Fin interrupted his cousin with a ha-you-so-funny look. ‘I can’t believe Mai agreed to have special cuddles with you twice.’

Donny got that same goofy grin on his face he always got when thinking about his wife of eight years.

Mai, who was currently standing on the sidelines of the football game cheering on the kids with a gaggle of other Murphy mums, was second-generation Vietnamese Australian.

She and Donny had met in Melbourne during their uni years—her studying at the conservatorium, him engineering at MIT—and Fin was godfather to both their kids.

‘It’s a miracle,’ Donny agreed good-naturedly.

‘You know you’re punching above your weight there.’

‘Totally.’

They paused to drink their beers and watch the game. Or at least Donny did. Fin’s gaze wandered to the water, where Sweeney was paddling around in that damn swimsuit.

‘Word around the family is, Feeney has been a thing for years now.’

Fin blinked, dragging his eyes away from the water. ‘Word is wrong,’ he said bluntly, returning his attention to Donny. And that, at least, was the truth. ‘Thanks for the Feeney thing, by the way.’

‘I knew you’d love it.’

Yep. Fin took a swig of his beer. Like a heart attack.

‘Ooh, hello,’ Donny murmured around the lip of his beer bottle. ‘Don’t look now but Maria Jennings coming in hot at nine o’clock.’

Surprised, Fin swung his head left and Donny muttered, ‘Real cool, man.’

‘Hey, Fin.’ Maria smiled at him as she approached. ‘Hi, Donny.’ She sauntered to a stop in front of them, slid her hand onto Fin’s arm and leaned in to peck him on the cheek. ‘It’s been such a long time since we’ve caught up. We didn’t really get a chance at the party.’
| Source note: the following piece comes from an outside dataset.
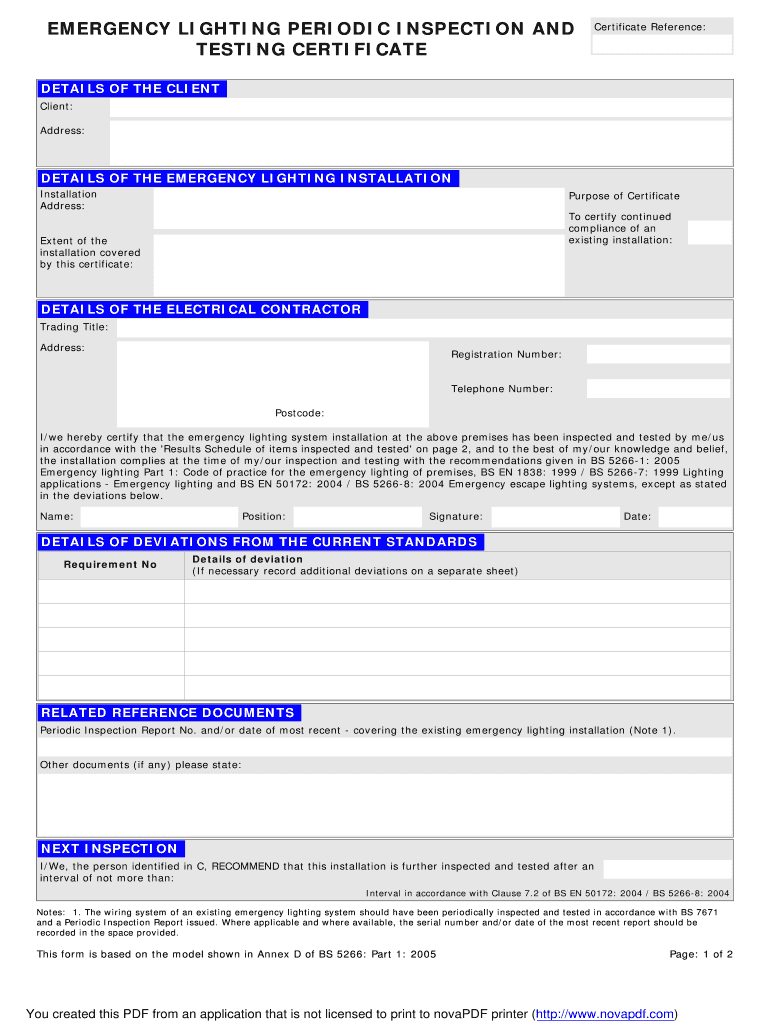 Emergency Lighting Certificate – Fill Online, Printable Throughout Test Exit Report Template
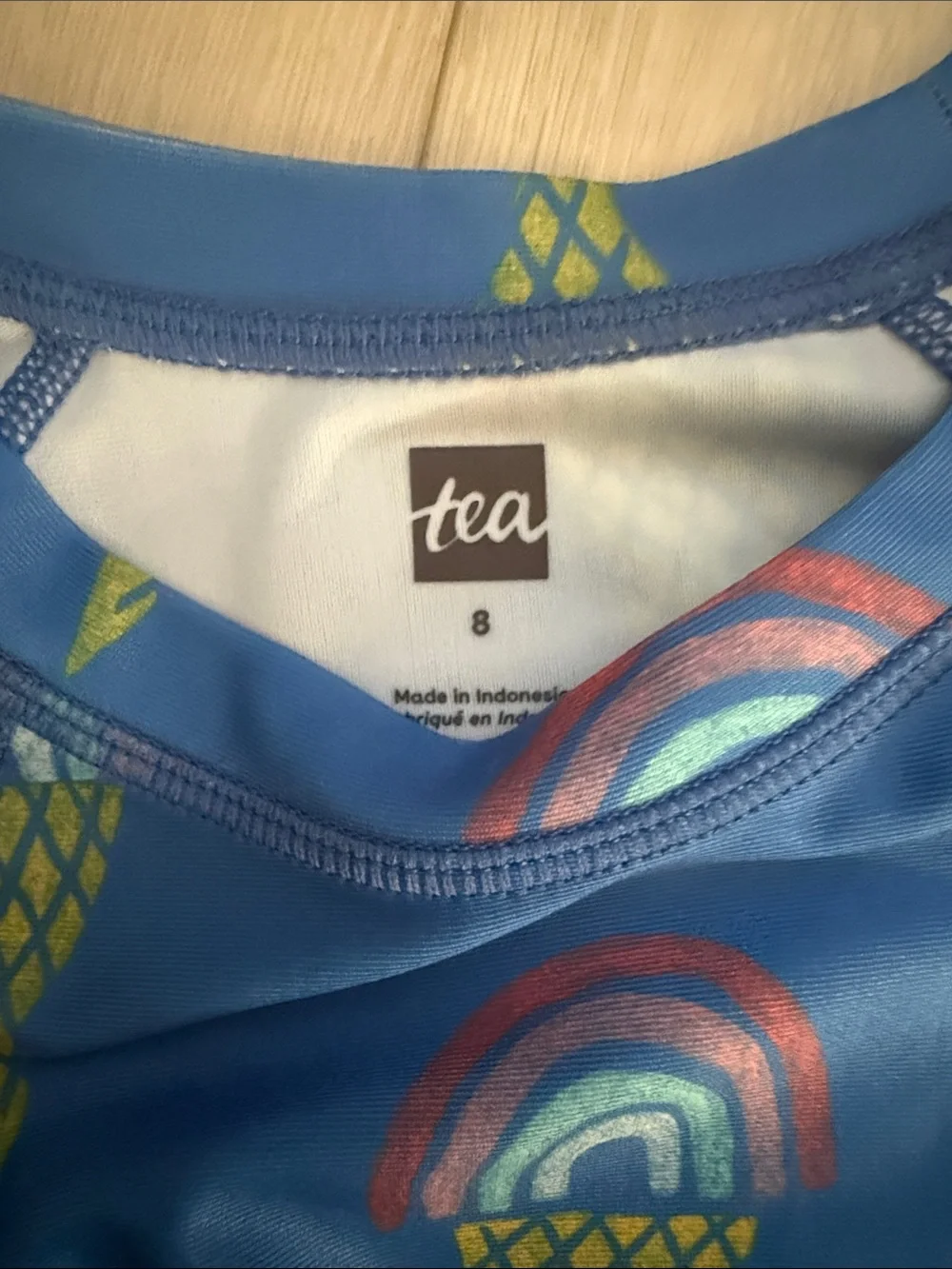 tea Bundle of 5 Swimwear Short-Sleeve Rashguard Top with Pink & Navy Bottoms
Fin nodded absently. When had they ever caught up?

Her hand slid from his arm and there was an awkward silence during which Donny quickly threw back his beer, finishing it with a loud burp before announcing, ‘I think Mai’s calling me,’ and skedaddling away.

The last thing Fin wanted was to make small talk with a woman who’d barely said two words to him prior to this moment, and his cousin knew that damn well.

Yep, Donny definitely had to die.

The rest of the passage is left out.